» **REQUIREMENT**: All entries below are to be written out again exactly, but no picture is to be copied.

» **INFORMATION**:
_____

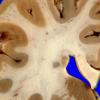 2A4 Heterotopia, periventricular (Case 2) Gross_7A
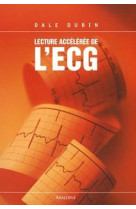 Lecture acceleree de l'ecg, 6e ed.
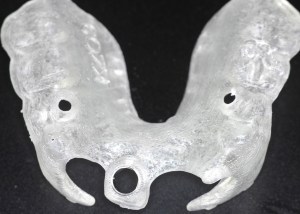 dental implant case study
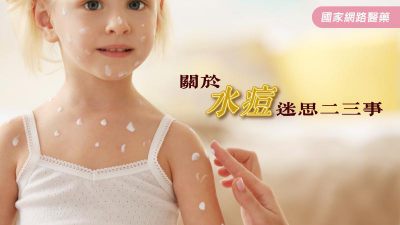 關於水痘迷思二三事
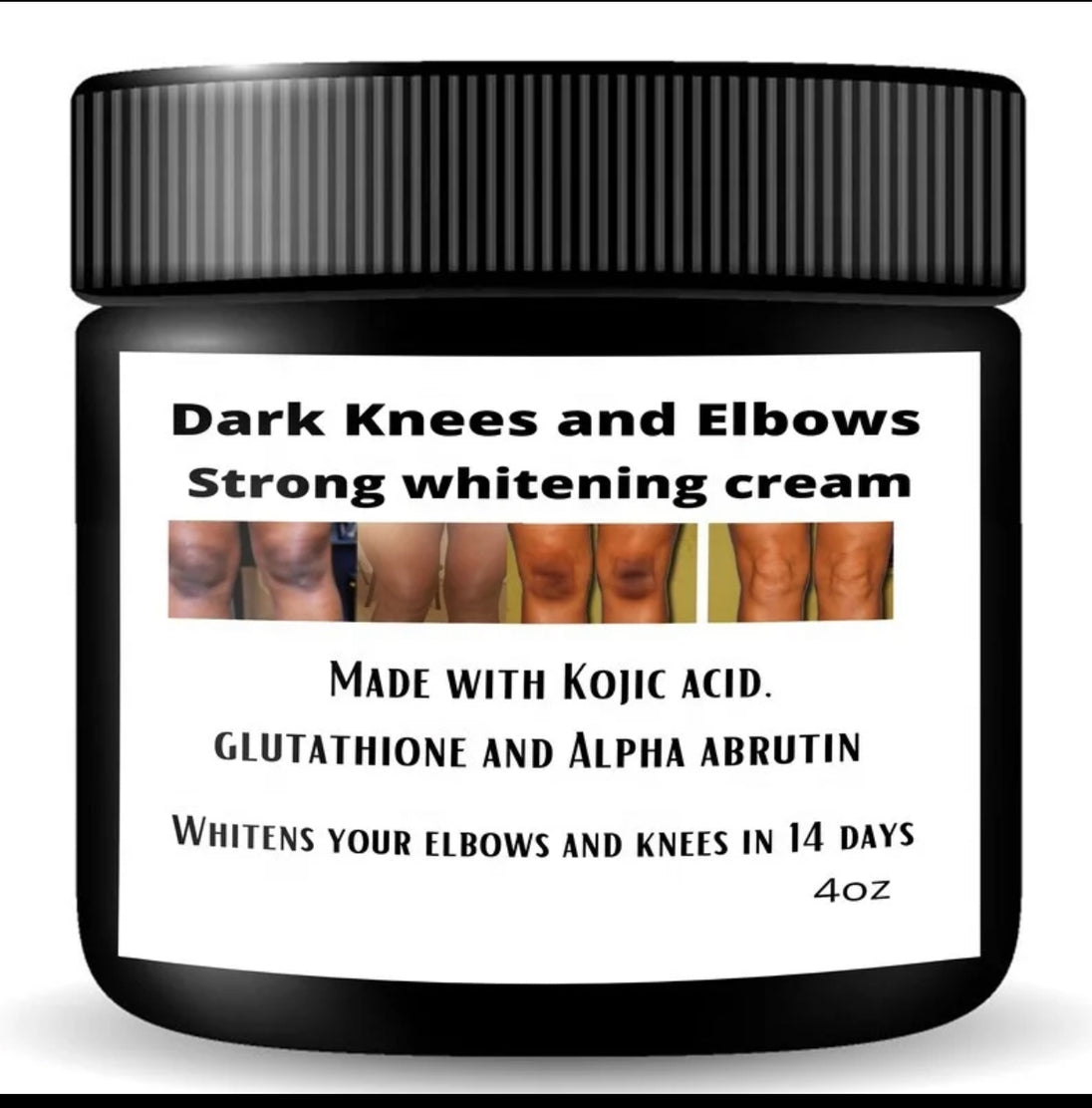 Dark knuckles cream, Potent  Cream , Dark Spots remover, Real results - Kismet Beauty Brands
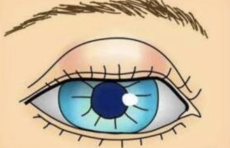 麦粒肿和霰粒肿有啥区别 看完这篇文章你就懂了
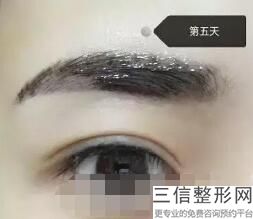 2022郑州双眼皮医院十强排行榜发布！医美top10口碑盘点！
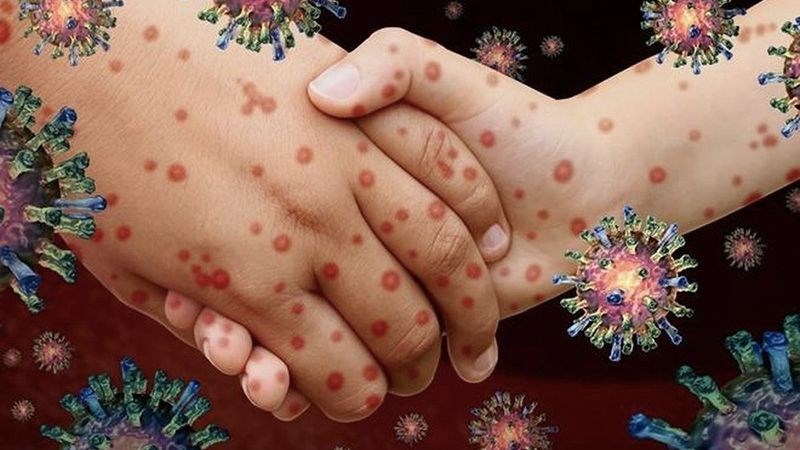 Tiêu chảy lây từ người sang người thông qua các hành động như bắt tay Tiêu chảy lây từ người sang người thông qua các hành động như bắt tay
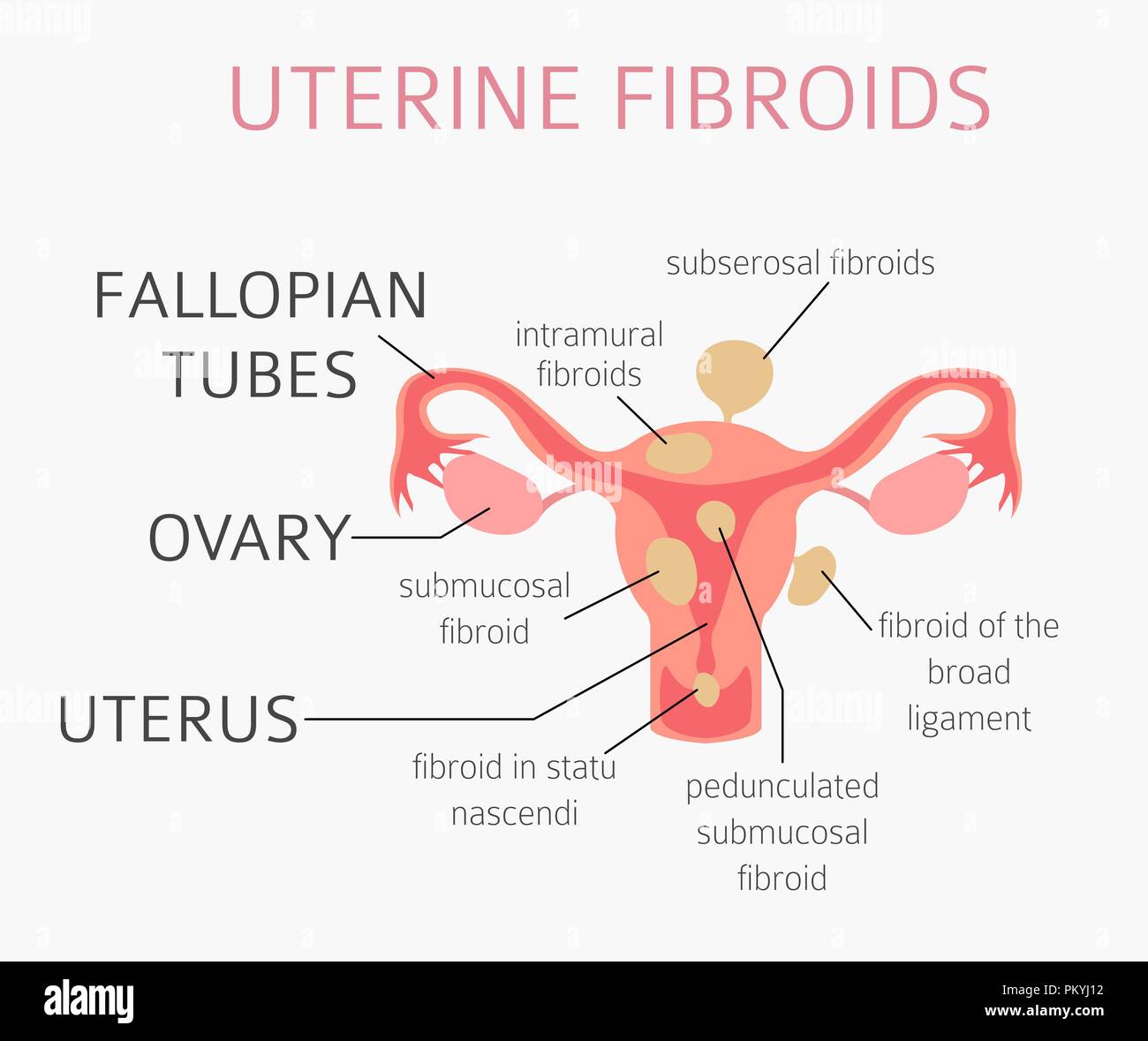 Uterine fibroids. Ginecological medical desease in women infographic ...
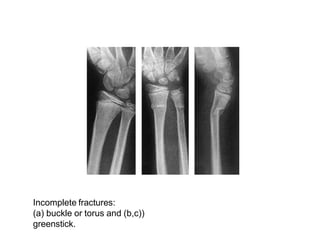 Incomplete fractures:
(a) buckle or torus and (b,c))
greenstick.
 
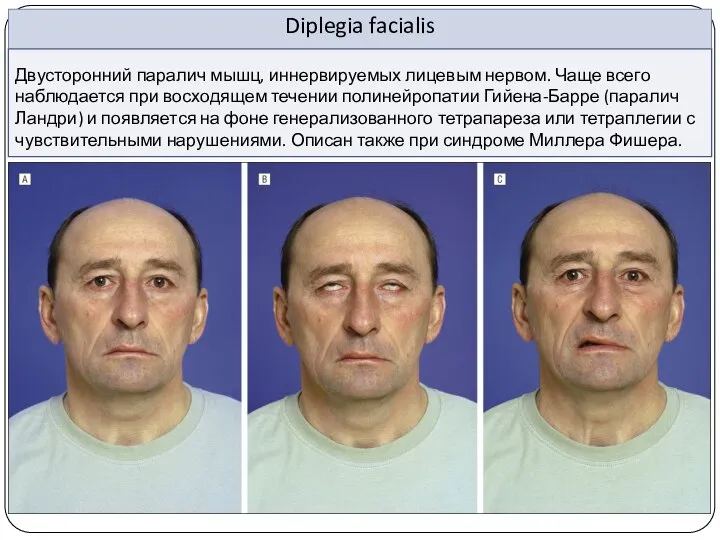 Diplegia facialis Двусторонний паралич мышц, иннервируемых лицевым нервом. Чаще всего наблюдается при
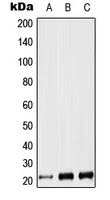 CPA2976-100ul - Leukemia inhibitory factor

_____

» **WRITTEN REPLY**:
 2A4 Heterotopia, periventricular (Case 2) Gross_7A
 Lecture acceleree de l'ecg, 6e ed.
 dental implant case study
 關於水痘迷思二三事
 Dark knuckles cream, Potent  Cream , Dark Spots remover, Real results - Kismet Beauty Brands
 麦粒肿和霰粒肿有啥区别 看完这篇文章你就懂了
 2022郑州双眼皮医院十强排行榜发布！医美top10口碑盘点！
 Tiêu chảy lây từ người sang người thông qua các hành động như bắt tay Tiêu chảy lây từ người sang người thông qua các hành động như bắt tay
 Uterine fibroids. Ginecological medical desease in women infographic ...
 Incomplete fractures:
(a) buckle or torus and (b,c))
greenstick.
 
 Diplegia facialis Двусторонний паралич мышц, иннервируемых лицевым нервом. Чаще всего наблюдается при
 CPA2976-100ul - Leukemia inhibitory factor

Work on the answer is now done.